Dejan Meleg

Personal information
- Full name: Dejan Meleg
- Date of birth: 1 October 1994 (age 31)
- Place of birth: Bački Jarak, FR Yugoslavia
- Height: 1.79 m (5 ft 10 in)
- Position: Attacking midfielder

Youth career
- 00000–2012: Vojvodina

Senior career*
- Years: Team / Apps / (Gls)
- 2012–2013: Vojvodina / 7 / (0)
- 2013–2015: Ajax / 0 / (0)
- 2013–2014: → Jong Ajax / 27 / (12)
- 2014–2015: → Cambuur (loan) / 10 / (1)
- 2015: → Jong Ajax / 3 / (0)
- 2016–2017: Vojvodina / 47 / (13)
- 2017–2018: Kayserispor / 0 / (0)
- 2018–2020: Red Star Belgrade / 5 / (0)
- 2019: → Levadiakos (loan) / 8 / (0)
- 2019: → Radnički Niš (loan) / 21 / (0)
- 2020–2022: Borac Banja Luka / 55 / (11)
- 2022–2024: ENPPI / 1 / (0)
- 2024: Persipal Palu / 8 / (0)
- 2025: Nakhon Ratchasima / 7 / (0)

International career
- 2010–2011: Serbia U17 / 18 / (9)
- 2011–2013: Serbia U19 / 5 / (1)
- 2016–2017: Serbia U21 / 3 / (0)

Medal record
| Gold medal – first place | UEFA Under-19 Championship | 2013 |

= Dejan Meleg =

Serbian association footballer

Dejan Meleg (Дејан Мелег; born 1 October 1994) is a Serbian professional footballer who plays as an attacking midfielder.

==Club career==
===Vojvodina===
Meleg made his professional debut with FK Vojvodina in a 0–3 loss against FK Partizan on 29 September 2012 at the age of 17. He was invited by AFC Ajax to pass medical tests in Amsterdam as a precondition to signing with the Dutch powerhouse; the transfer, however, was up in the air as of 19 December 2012 since FK Vojvodina's president Ratko Butorović had a rift with the Swiss agency which has a certain share in Meleg's professional contract.

===Ajax===
On 16 January 2013, Dutch media began reporting an agreement had been reached between AFC Ajax and FK Vojvodina and Meleg signing a contract until 2016. Just a week later, on 23 January 2013, it was finally announced by FK Vojvodina that Meleg signed for AFC Ajax. He made his debut for AFC Ajax on 29 June 2013 in a 2013–14 pre-season friendly encounter against SDC Putten. Meleg scored the opening goal in the 17' minute to help AFC Ajax to a 1–4 victory at the Sportpark Puttereng in Putten.

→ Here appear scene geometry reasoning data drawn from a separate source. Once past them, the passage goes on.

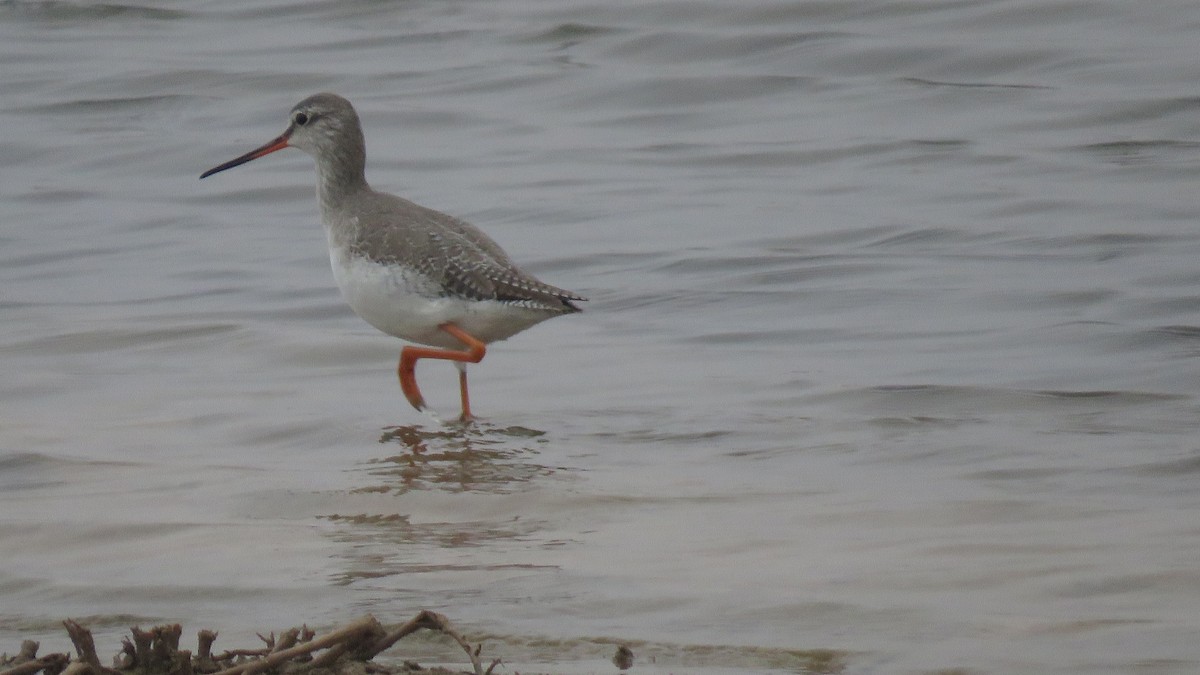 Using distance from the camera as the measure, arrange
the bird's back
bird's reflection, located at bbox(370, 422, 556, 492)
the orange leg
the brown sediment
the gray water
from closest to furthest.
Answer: the brown sediment
the gray water
bird's reflection, located at bbox(370, 422, 556, 492)
the bird's back
the orange leg

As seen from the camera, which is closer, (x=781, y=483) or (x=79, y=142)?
(x=781, y=483)

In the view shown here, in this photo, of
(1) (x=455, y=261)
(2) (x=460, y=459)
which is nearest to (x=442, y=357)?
(1) (x=455, y=261)

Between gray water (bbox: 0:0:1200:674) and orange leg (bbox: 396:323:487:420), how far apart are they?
13 cm

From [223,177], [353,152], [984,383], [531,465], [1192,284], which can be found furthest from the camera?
[223,177]

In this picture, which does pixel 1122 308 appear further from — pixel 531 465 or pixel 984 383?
pixel 531 465

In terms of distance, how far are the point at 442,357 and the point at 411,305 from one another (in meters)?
0.34

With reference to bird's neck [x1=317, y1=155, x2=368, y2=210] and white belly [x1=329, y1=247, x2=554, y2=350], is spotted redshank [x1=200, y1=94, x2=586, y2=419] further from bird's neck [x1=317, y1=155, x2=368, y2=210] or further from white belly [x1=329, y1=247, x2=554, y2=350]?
bird's neck [x1=317, y1=155, x2=368, y2=210]

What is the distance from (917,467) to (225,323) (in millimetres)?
5082

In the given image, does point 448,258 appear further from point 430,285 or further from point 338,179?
point 338,179

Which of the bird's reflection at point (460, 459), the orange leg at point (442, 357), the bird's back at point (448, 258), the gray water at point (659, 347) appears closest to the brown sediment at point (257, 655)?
the gray water at point (659, 347)

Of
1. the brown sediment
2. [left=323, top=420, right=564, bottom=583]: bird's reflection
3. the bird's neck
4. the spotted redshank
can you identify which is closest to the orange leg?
the spotted redshank

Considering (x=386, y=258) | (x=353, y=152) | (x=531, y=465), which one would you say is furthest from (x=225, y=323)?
(x=531, y=465)

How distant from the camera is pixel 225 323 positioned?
1051 cm

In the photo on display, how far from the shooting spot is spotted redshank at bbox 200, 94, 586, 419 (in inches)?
330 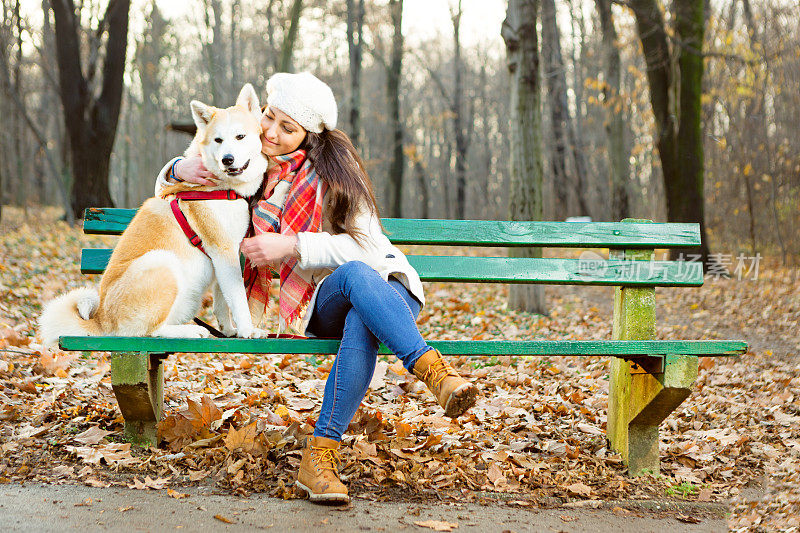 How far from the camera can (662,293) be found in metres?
10.0

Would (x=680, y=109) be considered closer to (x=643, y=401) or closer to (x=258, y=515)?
(x=643, y=401)

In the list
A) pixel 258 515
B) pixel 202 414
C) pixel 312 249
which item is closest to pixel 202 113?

Starting the 2013/14 season, left footed Dejan Meleg was enlisted with the reserves team Jong Ajax, who were newly promoted to the Dutch Eerste Divisie the second tier of professional football in the Netherlands. He made his debut on 16 August 2013 in a 1–0 loss to MVV Maastricht. On 3 September 2013 he scored both his first and second professional goal in the Netherlands playing for Jong Ajax against Jong PSV in a 4–2 away win.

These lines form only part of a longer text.